Avec le bannissement de Trump de leur réseaux, quelles seront les conséquences des hyper  pouvoirs de Facebook et Tweeter?  Y a-t-il une menace du digital sur la liberté d’expression ?

Assurément, mais cette question dépasse le seul cas de Donald Trump et pose plus largement celle des réseaux sociaux dans leur ensemble. Ce sont aujourd’hui des super puissances qui parviennent à s’affranchir des contraintes étatiques, à commencer par celle de l’impôt. Le risque est de les voir devenir des sortes de structures supranationales relevant certes du droit privé (Twitter se justifie d’ailleurs en faisant valoir que Donald Trump n’a pas respecté les conditions d’utilisation de la plate-forme) mais limitant l’expression de personnalités publiques. Il est préoccupant, même si cela peut sembler rassurant en l’occurrence, de voir Twitter décider ainsi du droit d’expression de Donald Trump. La situation est très ambiguë : Donald Trump n’est pas n’importe quel individu, et Twitter a été son principal outil de communication et de propagande, sinon de gouvernement, pendant plusieurs années. Enfin, Donald Trump a accès à d’autres médias en envisage même la création d’autres médias. Il y a un risque de victimisation puis de réactions en chaîne qui pourront finalement bénéficier à Donald Trump.

Biden a promis de revoir certaines décisions de Trump, comme l’accord de Paris sur le climat, le nucléaire iranien, les ventes d’armes….La reconnaissance du Sahara comme faisant partie du territoire marocain pourrait-elle être annulée ?

S’agissant de la reconnaissance du Sahara comme faisant partie du territoire marocain, il à mon sens techniquement possible que Joe Biden revienne dessus eu égard aux conditions et au contexte institutionnel même de la Proclamation de Donald Trump le 10 décembre dernier. C’est attendu et demandé par beaucoup, et Joe Biden pourrait donc tout simplement, et de la même manière, ne plus reconnaître ce que son prédécesseur avait reconnu.  Mais, a fortiori dans le contexte complexe du positionnement de l’administration Trump par rapport à Israël, Joe Biden n’a pour l’heure pas pris position à ce sujet.
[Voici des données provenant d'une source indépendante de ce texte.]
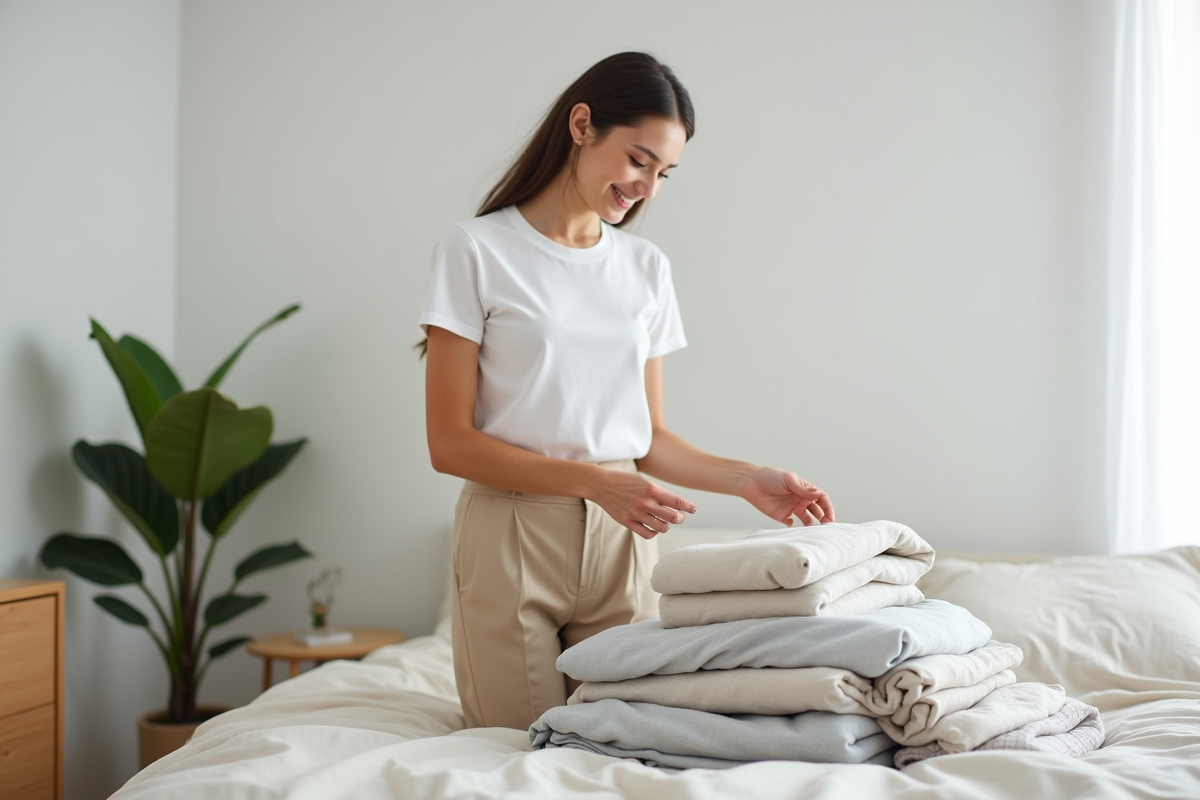 Femme organisant sa garde-robe capsule dans une chambre minimaliste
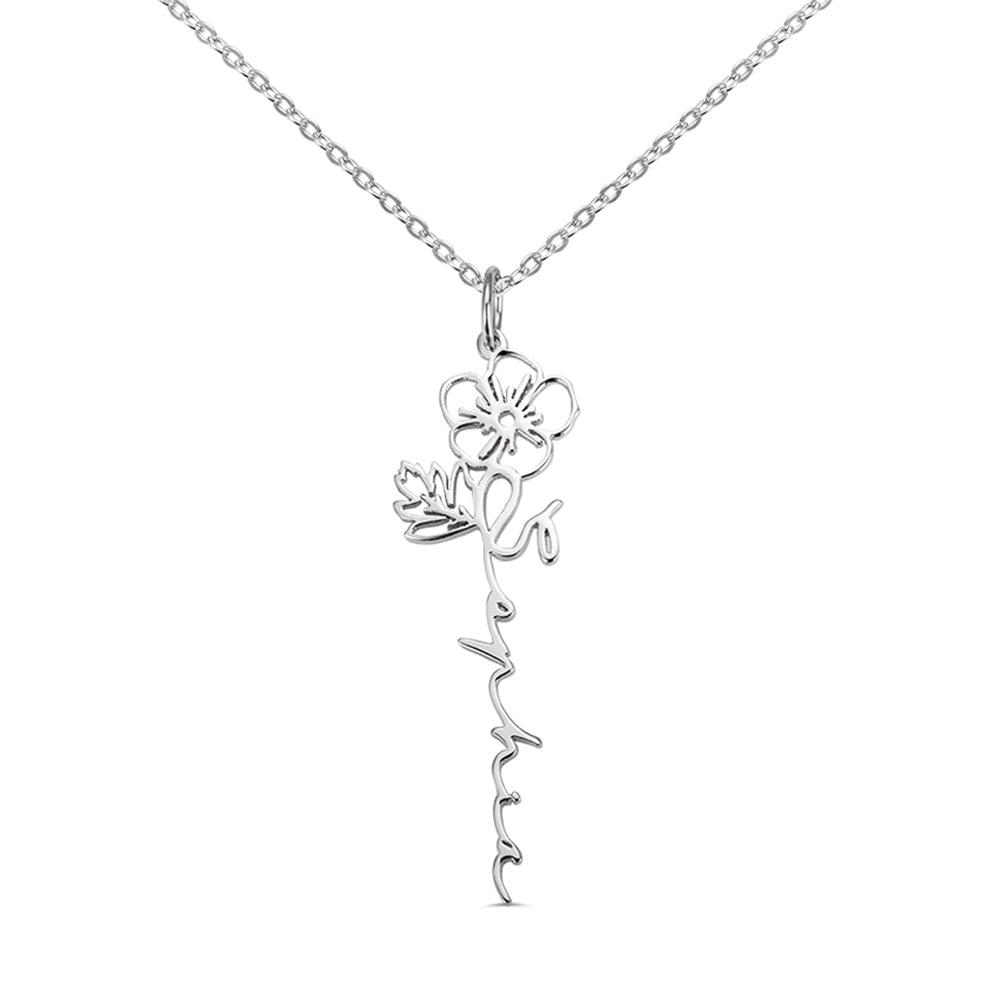 Custom Birth Dainty Floral Name Necklace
L’enjeu pour lui est lié à la démonétisation de la voix des États-Unis sur la scène internationale, une voix très lourdement discréditée par Donald Trump. Sans doute Biden prendra-t-il le temps de la réflexion et cherchera une voie la plus consensuelle possible, mais le sujet n’est pas comparable avec l’Accord de Paris sur le Climat et encore moins avec la question du nucléaire iranien. Joe Bien aura probablement d’abord besoin d’une nouvelle stature internationale, pour lui-même et pour les États-Unis.